The mayor of Seongnam, the city where the market is situated in South Korea, southwest of Seoul, announced the news on December 13. To explain this step, he opened his speech by using the famous words of Gandhi, “the greatness of a nation and its moral progress can be judged by the way its animals are treated.”
The 22 affected merchants were part of the negotiations with the municipality and have stopped the killing and sale of dogs since December 19. The agreement requires that they definitively cease from now until next May.
Every year since the 1960s, more than 80,000 dogs were sold, dead or alive. Like everywhere in South Korea, animals destined for this market spend all their lives in cages. They are normally killed by hanging or electrocution. Living conditions and slaughter particularly shocking which animal rights organizations have criticized for many years.
The KAWA (Korean Animal Welfare Association), spearheaded the effort, and has since applauded this “big step toward changing the dog meat industry here,” specifying that they will still have to “constantly monitor dog meat shops in the market to see if they really stop slaughtering dogs and change their business.”
KAWA fears that this prohibition will be difficult to enforce when the consummation and sale of dog meat in general is still authorized in the town.
While it was the ethical argument that was promoted in the official announcement, other motivations seem to have also pushed the Seongnam government in this direction.

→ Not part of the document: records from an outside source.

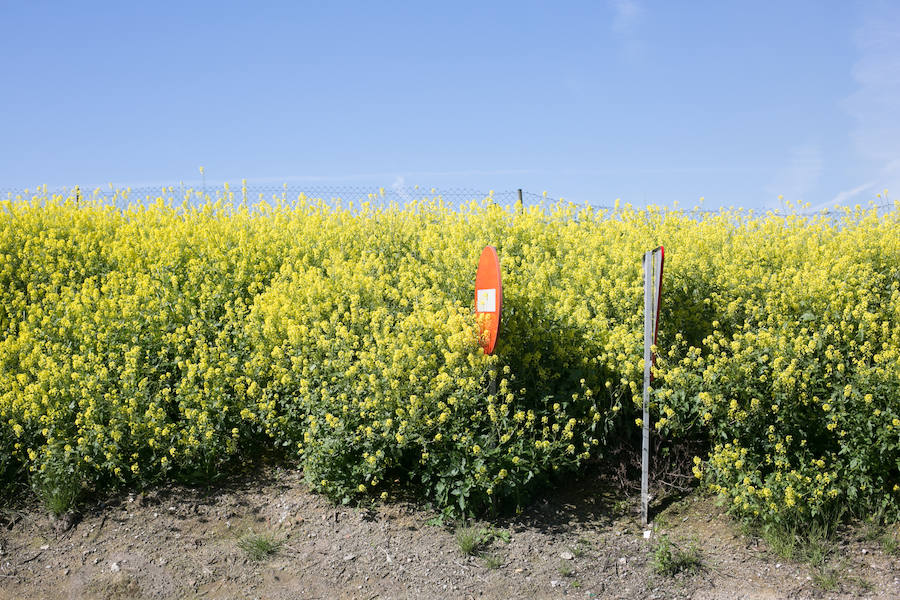 Los jaramagos, las plantas que inundan Granada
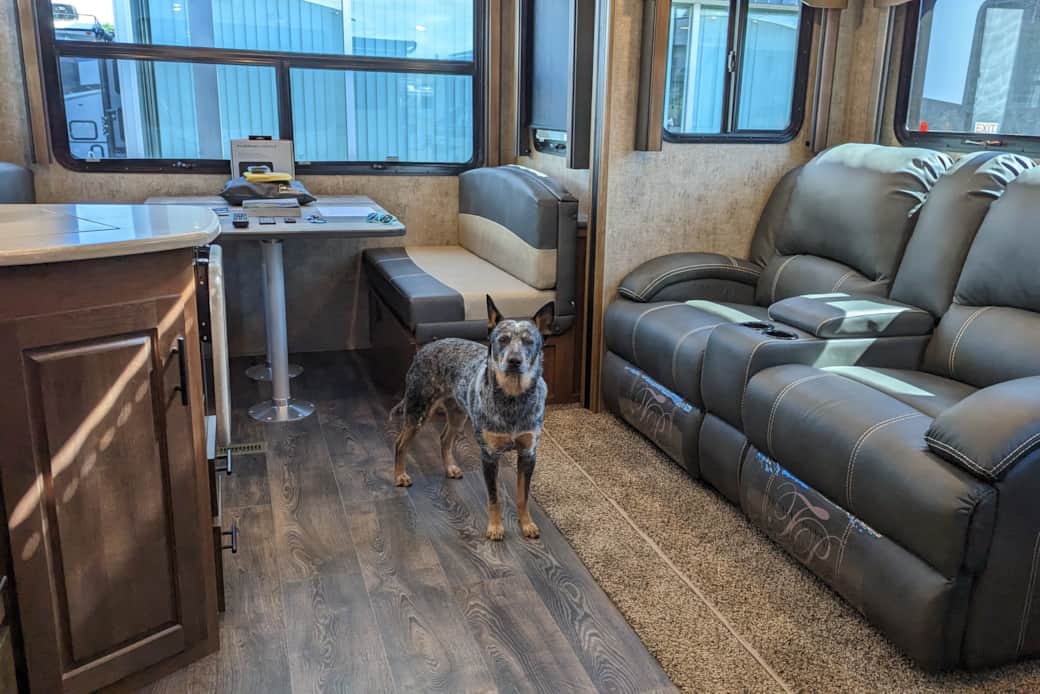 Pet friendly! Pet friendly!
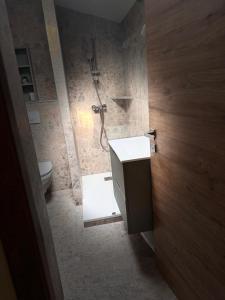 a bathroom with a shower and a sink and a toilet at Maison Milani Centuri in Centuri +11 photos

A number of resident complaints, to start, because of the noise and odors generated by this activity. Also, the approach of the Olympic Games, which according to several observers, would motivate South Korean authorities to distance themselves from controversial cultural practices, like the consummation of dog meat.
South Korea will host the games in Winter 2018. “This will hopefully eradicate the negative image of Moran Market,” said the Mayor of Seongnam during his speech.
Two million dogs raised each year in South Korea
While it is definitely a victory for animal rights, this prohibition only concerns one Korean city. Around two million canines continue to be raised in the country for human consumption each year.
Peak dog meat consumption in South Korea is during summer festival of Bok Nal. Less well known than the revolting Chinese Yulin Festival, it still elicits overwhelming critiques. The Humane Society International (HSI), who is fighting in this area against this commerce, states that about 70% of annual conumption comes during the summer months, notably on the occasion of Bok Nal.
Like in China, the consumption of dog meat is often a generational battle between young people and seniors. According to a poll from the Gallup Institut in Korea in 2015, 20% of Korean men in their twenties in the past year, while 50% of men in their fifties and sixties have done the same.
For the younger generations, exposed to western culture, dogs and cats are pets above all else, and it seems strange and shocking to see them eaten. It is likely that the canine meat market will experience a rapid decline over the course of the next few decades in South Korea, like in China.